A ocho kilómetros al noroeste de Cork se encuentra el pueblecito irlandés de Blarney. En lo alto de la muralla del castillo que allí existe, hay una piedra triangular –la “piedra Blarney”- con el nombre de su constructor y la fecha de su edificación. Cuenta la tradición que el que bese la piedra Blarney poseerá el don persuasivo de la elocuencia. No es fácil lograrlo porque la única manera de alcanzar la piedra es colgándose boca abajo, de una forma muy difícil. Por eso cuando alguien posee un “pico de oro” se dice que ha besado la piedra Blarney y a los discursos se les llama Blarney (labia).

Más de una vez he escrito lo bien que le vendrían a los políticos el darse una vuelta por Blarney para mejorar su oratoria. Sí, ya sé que para que se produzca el milagro han de situarse en una postura arriesgada. Pero merece la pena echarle valor a cambio de regresar hablando con un estilo inmejorable.

Buffon (nada que ver con el portero italiano) sentenció: “El estilo es el hombre. ¡Todo el hombre!”. Quería decir que el estilo no es más que el orden y el movimiento que el hombre pone en la organización de sus propias ideas.
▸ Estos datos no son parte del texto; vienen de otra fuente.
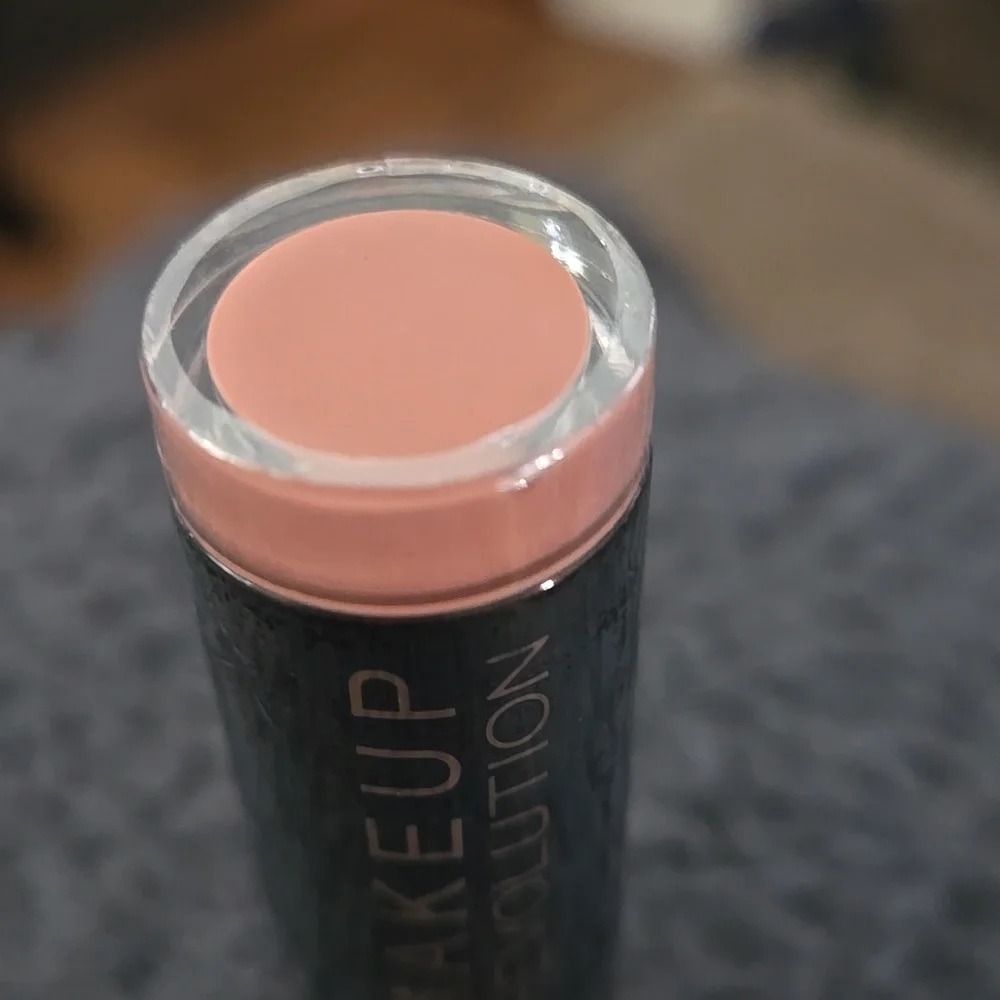 Makeup Revolution Lipstick - Nude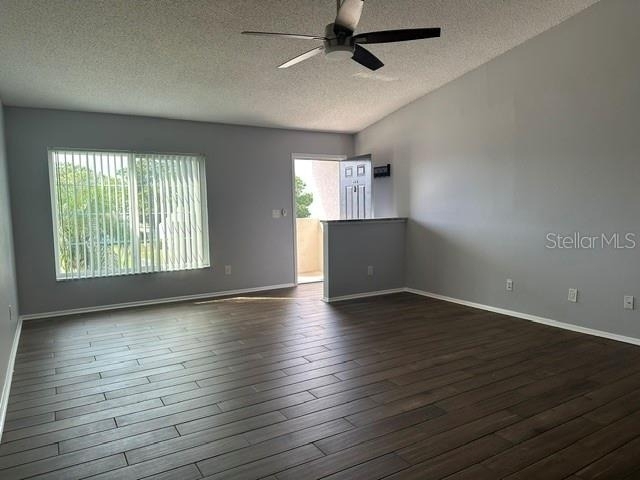 2597 Countryside Boulevard - Photo 3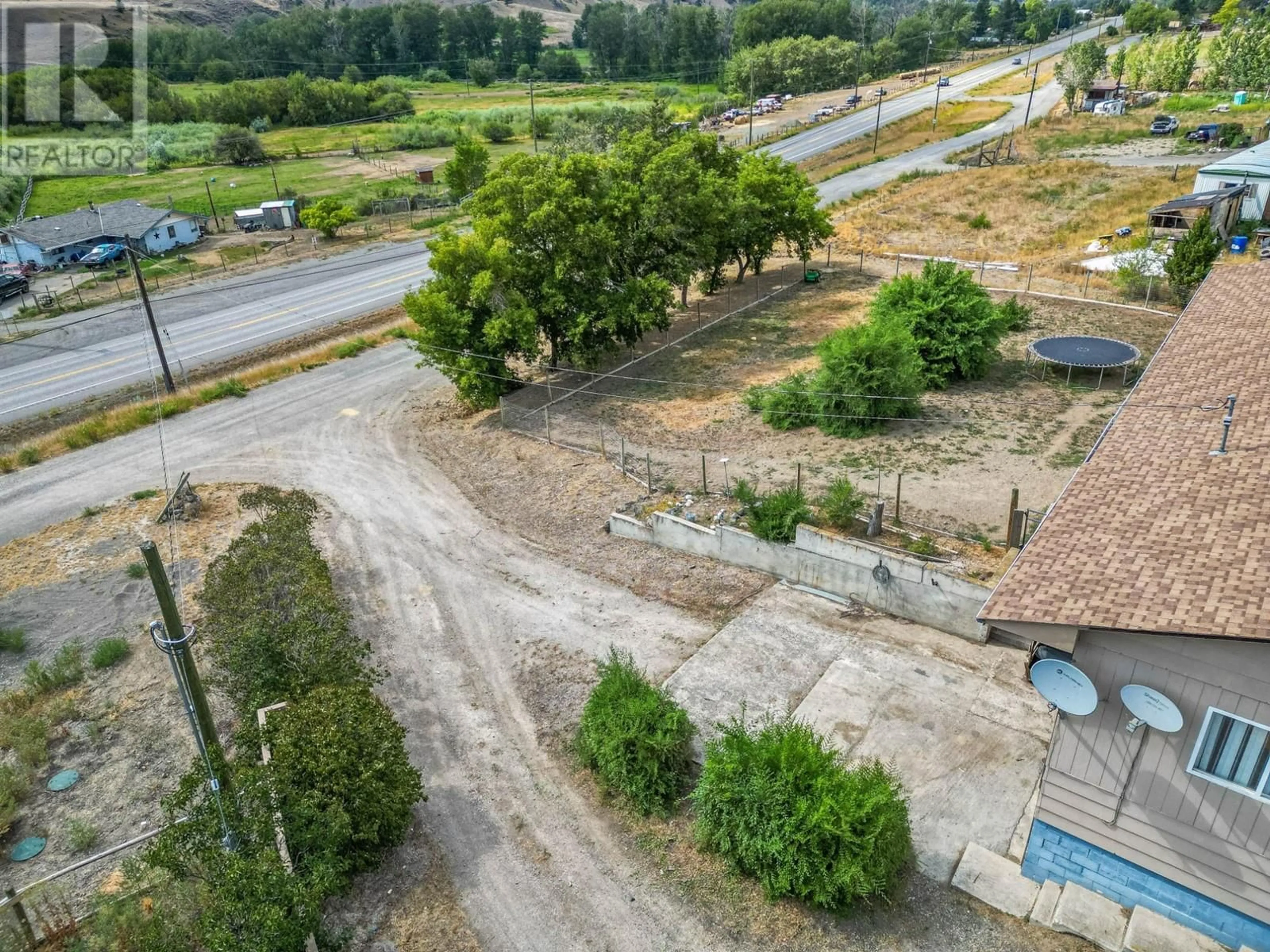 Street view for 4060 HILLS FRONTAGE RD, Cache Creek British Columbia V0K1H1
Y alguien, que sabía de qué va la cosa, nos dijo: “Que es cierto también que, para que sea verdaderamente estilo, ha de poseer, al menos, uno de los dos grandes recursos tradicionalmente requeridos para seducir a una mujer: el arte de agradar y el arte de interesar. Eso, pues, es el estilo: el arte de la seducción”.
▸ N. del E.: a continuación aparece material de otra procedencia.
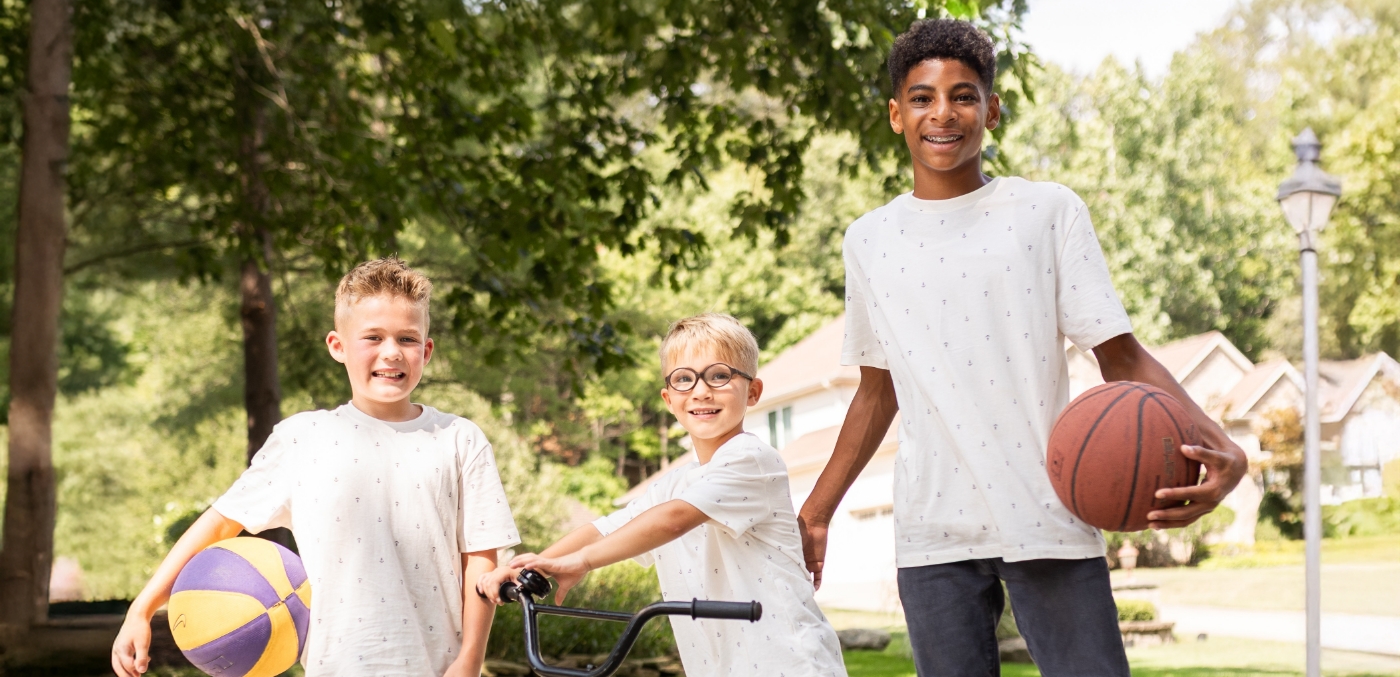 Woman receiving preventive dentistry exam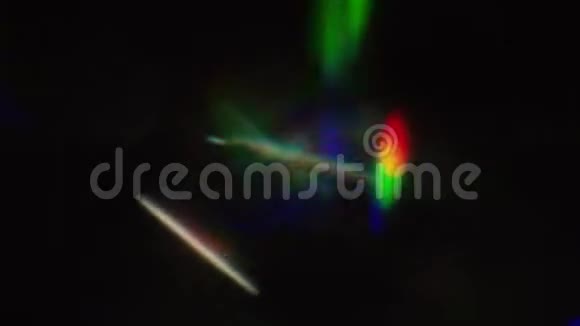 彩虹调色板全息超星光在黑暗背景上视频制作的创意背景视频的预览图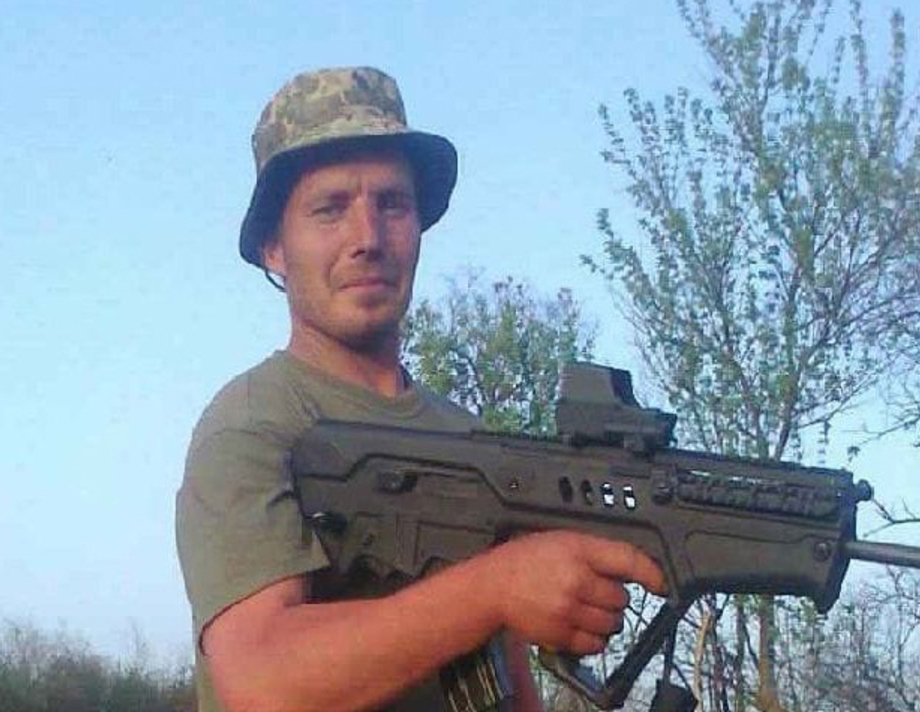 Сьогодні до рідного дому в село Скаржинці "на щиті" повертається захисник Олексій Каленський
Saber hablar, y hacerlo bien en público, debe ser lo más principal en un político. Porque lo que cuenta no es lo que se dice, sino como se dice. Ahí radica el supremo misterio del estilo. Y así lo entendió, a la vejez viruela, aquella mujer de un político francés, que había llegado a ser ministro de la Tercera República. Resulta que en la intimidad del hogar su marido le parecía vulgar, vacío, insignificante. Y en vista de que estaba ocupada en discurrir de un salón a otro, de una boutique a otra, se le ocurrió un día la insólita idea de asistir a una discusión parlamentaria. Entró en el Parlamento cuando su egregio marido estaba pontificando desde el banquillo azul. Se sentó, miró y escuchó. ¡Y comprendió! Comprendió cuál había sido, al menos para su consorte, el secreto del éxito. El hombre sabía hablar. Sabía decir las cosas más banales de manera interesante, y las cosas aburridas, de manera agradable. Era un seductor de profesión.
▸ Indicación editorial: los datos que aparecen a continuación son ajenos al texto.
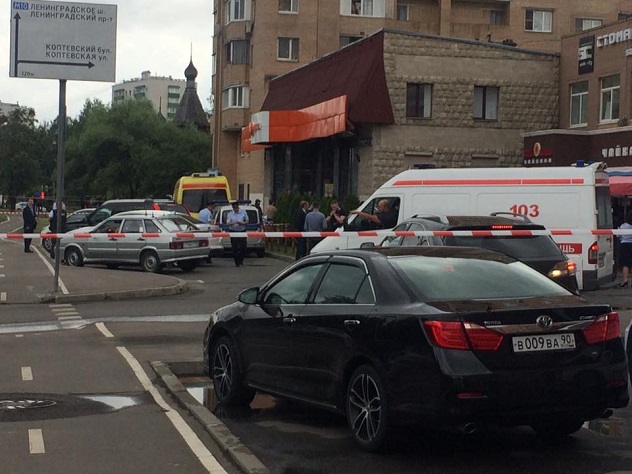 В московском магазине захватили заложников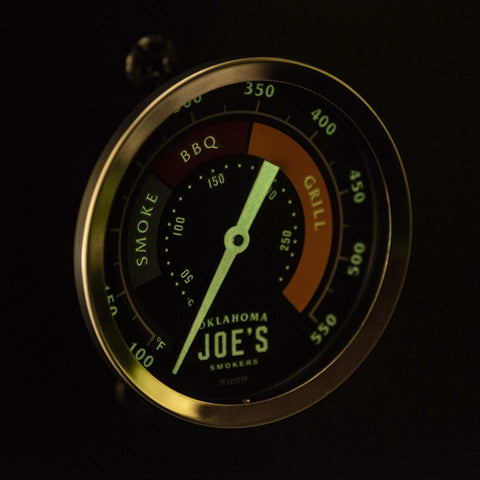 Oklahoma Joe's stainless steel gauge offers lasting durability.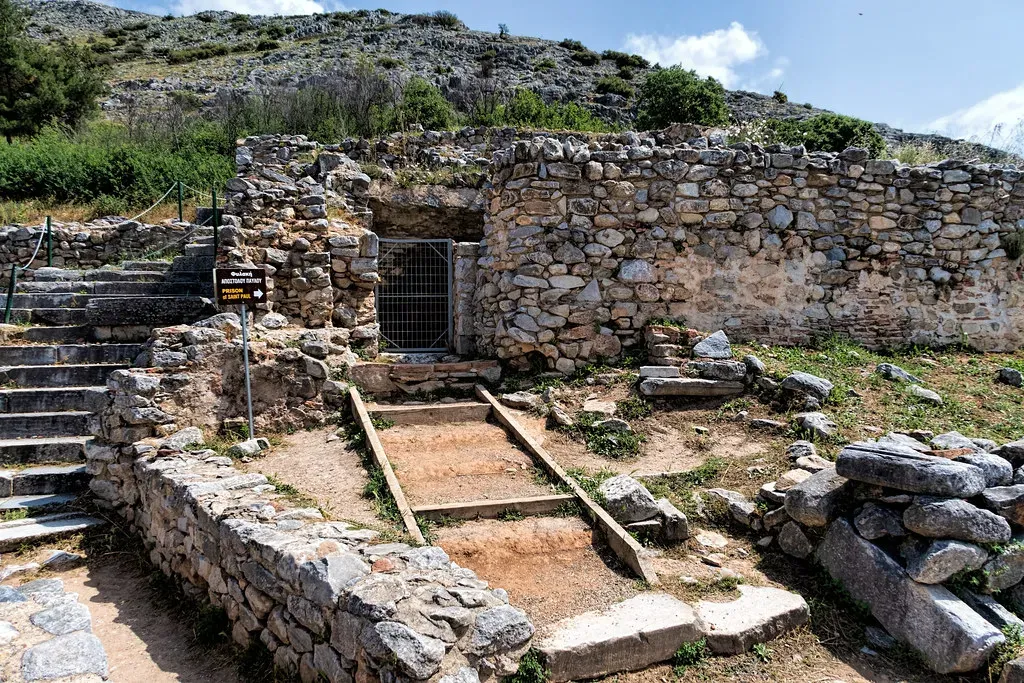 War, Power Struggles, and the Hidden Violence Behind Abandoned Monuments (Dan Lundberg, Flickr, CC BY-SA 2.0)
La última vez que escribí al respecto, en septiembre de 2006, fue para decir que en la política local me resultaba imposible destacar a dos políticos capaces de llamar la atención cuando hablaban en público. Políticos que despertaran nuestro interés e hicieran posible que decidiéramos oírles con suma atención. Una triste realidad, que evidenciaba la incuria en quienes, por sus cargos, estaban obligados a dar la talla en todos los aspectos.

Han transcurrido cuatro años desde que me dio por escribir del asunto, y sigo viendo las mismas carencias cuando oigo discursear a los políticos de esta tierra. Apenas dos o tres se defienden con su oratoria. Y, por tanto, se les entiende. Aunque lo de seducir no está, ni mucho menos, al alcance de ninguno.

De manera que, con tanta escasez de labia, no debe extrañar que el presidente de la Ciudad, Juan Vivas, parezca un ruiseñor. Aunque tampoco le vendría mal darse una vuelta por Irlanda para besar la piedra Blarney. O sea.